Doing this will cancel out any misalignment in the miter saw. If, for example, the saw is off by one degree, all of one side cuts will be at 44 degrees and all from the other will be at 46 degrees. Net result is tight joints. One caution: this will only work if you have a good straight fence.
From contributor I:
To all this I will add - cut slowly. If you saw nice and slow most deflection will be eliminated.
From contributor J:
To answer contributor F's question, yes, I use a 20 inch disk sander quite frequently with excellent results. Mostly for very small work, very large profiles and miters that are segments of curved mouldings. It is very nice to be able to sneak up and get a perfect fit. But it is an extra step, thus not a production solution.
From contributor K:
Also, I like to use a small strip of 150 grit sandpaper applied with spray adhesive to the fences of my mitre saws. This stops the stock from any creeping during the cuts.
From contributor L:
I hate mitres. I agree with most comments made on the subject. The problem is often the tendency of the saw blade to follow the grain in the timber. There is a solution and it involves giving up ideas of tweaking saws and blade types and what have you. In my youth I first came across a Danish mitre guillotine that was operated by a wheel, similar to the wheel on an old time sailing ship. Since then I have used variations of this guillotine trimmer and the best was foot operated - no noise and no electricity - but by far the most reliable with perfect mitres every time. The last thing is something of a personal rant and that is the references to taking sizes such as 78/ 7 or what have you. What a system! Give up all your prejudices and get into the metric system. It works and I started with silly old feet and inches. Metrication is the only way to go. You will be embarrassed when you find out how simple and easy it is.
From contributor E:
Unfortunately it is really not easy to give up a system when every product you deal with comes in the inch system. As a cabinetmaker I cannot call up and order material in mm. Nor can I get a set of architect’s drawings in metric measurements. It's not that I don't think it's an easier system - it's just that our country is not geared to it. Besides, we are pretty clever over here and don't have too much trouble with feet and inches.
From contributor M:
I wish someone would make a tape measure that was in tenths of inches. It is quite easy when looking at tenths of an inch to guess at what the measurement would be to various amounts of precision. For instance if it was a hair over 98.5 one could easily tell the difference - for halfway to 98.6 you could say 98.55; a quarter past would be 98525 or the like.

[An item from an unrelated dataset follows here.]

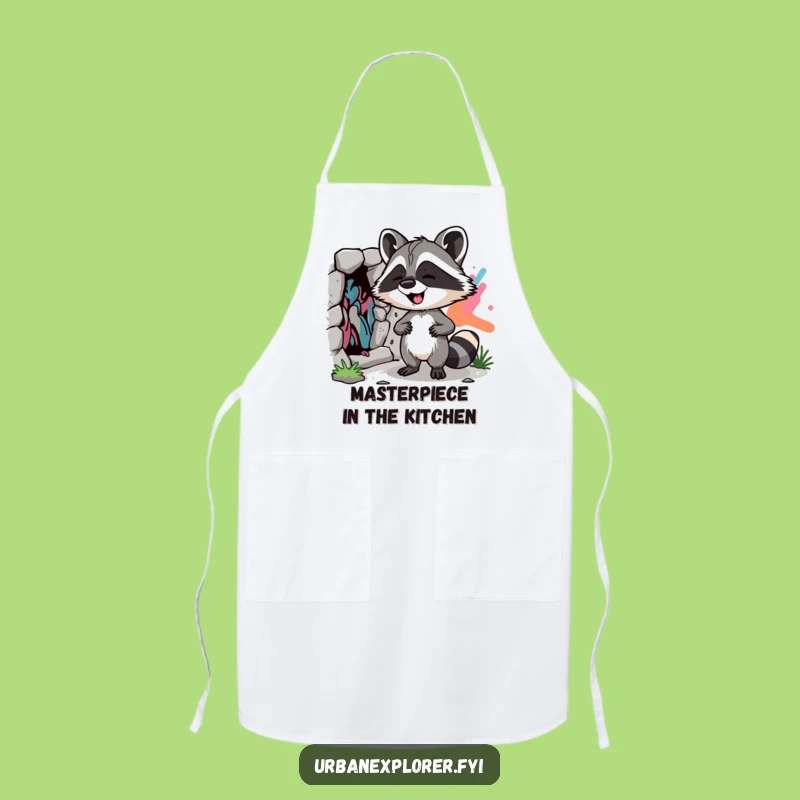 Funny Raccoon Street Art Apron: Chef's funny accessory with a cheeky discoverer, perfect funny gift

The comments below were added after this Forum discussion was archived as a Knowledge Base article (add your comment).
Comment from contributor N:
I am a trim carpenter in Wisconsin. My method for a closed miter is using my Dewalt dual bevel miter box and when on the 45 degree setting, I tilt the saw 1-2 degrees to back-cut the joint and then put a thin skin of Titebond trim glue on the joint about 12" down the jamb side of the trim to hold it solid. The bevel is so slight that you really can't see it, and it makes for a nice tight fit. It just takes a little bit to get to know your saw and how to finesse the joints.